Prodotto da Somewhere studio e Sky Atlantic, Marghe e Giulia, crescere in diretta è stato realizzato da Alberto Gottardo e Francesca Sironi, registi che si avvicinano al cinema con alle spalle percorsi che riguardano, rispettivamente, la fotografia e il giornalismo. Di fronte a un soggetto come quello scelto dai due autori ci si sente inevitabilmente in difficoltà, quasi intimiditi. Da un lato è impossibile, a ben guardare, non porre in atto una (ulteriore) concreta invasione di quell’ambiente intimo e familiare che, sebbene volontariamente, si sottopone già a una continua sovraesposizione scopica. Dall’altro si comprende appieno l’urgenza di raccontare e approfondire un caso che trascende la sua singolarità per farsi segno e sintesi di fenomeni dalla portata molto più ampia e di estrema stringente attualità.
Tuttavia Gottardo e Sironi riescono a trovare, con naturalezza e agilità, l’unica chiave espressiva possibile per sviluppare questo non facile progetto: scelgono la più assoluta e attenta sospensione del giudizio, scelta che peraltro rende meno problematica la necessità di doversi muovere, inevitabilmente, dentro alla realtà rappresentata, in virtù della fiducia accordata ai registi dai “non attori” protagonisti, ovvero le due piccole youtuber e i loro genitori Luigi e Maria. È lo spettatore, dunque, che viene chiamato a vagliare con cautela e soppesare con cura questa resa fenomenologica di un reale che, pur se restituito semplicemente nudo e crudo a livello linguistico, resta tuttavia densissimo di implicazione sociologiche, se non psicologiche e – ovviamente - etiche.
Del resto era il 1967 quando Jacques Tati, in Playtime, rinchiudeva il suo spaesato Monsieur Hulot in un appartamento-vetrina, ipotizzando uno sguardo spettatoriale che fosse teoricamente esterno ma praticamente interno, in nome di una totale, destabilizzante cancellazione del privato ormai all’ordine del giorno in una fredda e respingente Parigi futuristica. Se a questo si somma la capillare pervasività delle tecnologie contemporanee, dove, per forza di cose, come insegna McLuhan “il medium è il messaggio”, si arriva a un inevitabile cortocircuito.
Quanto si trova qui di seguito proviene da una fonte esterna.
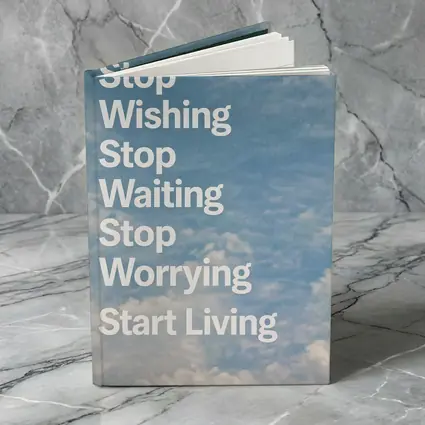 Stop Wishing Waiting Worrying Start Living Sky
Il desiderio di migliaia di persone (è possibile non definirlo voyeristico?) di guardare una ragazzina che “piange a dirotto per 5 minuti” – questo il titolo del video più cliccato – stravolta dalla felicità per aver ricevuto in regalo un preziosissimo iPhone, si sposa perfettamente al desiderio (è possibile non definirlo narcisistico?) che il “mondo” assista, certifichi e in un certo senso renda questa felicità pubblicamente esibita più vera del vero.
Non vogliamo qui di entrare nel merito delle scelte genitoriali operate dai protagonisti del documentario – rispetto alle quali si aprirebbe un discorso infinitamente ampio, giustamente complesso - ma piuttosto di rimarcare il potenziale del cinema (documentario e non) come spazio essenziale di riflessione sul reale, poiché di fatto sa esserne insostituibile luogo di condensazione di segnali che rivelano cruciali mutamenti del sentire e anticipazioni dell’agire sociale.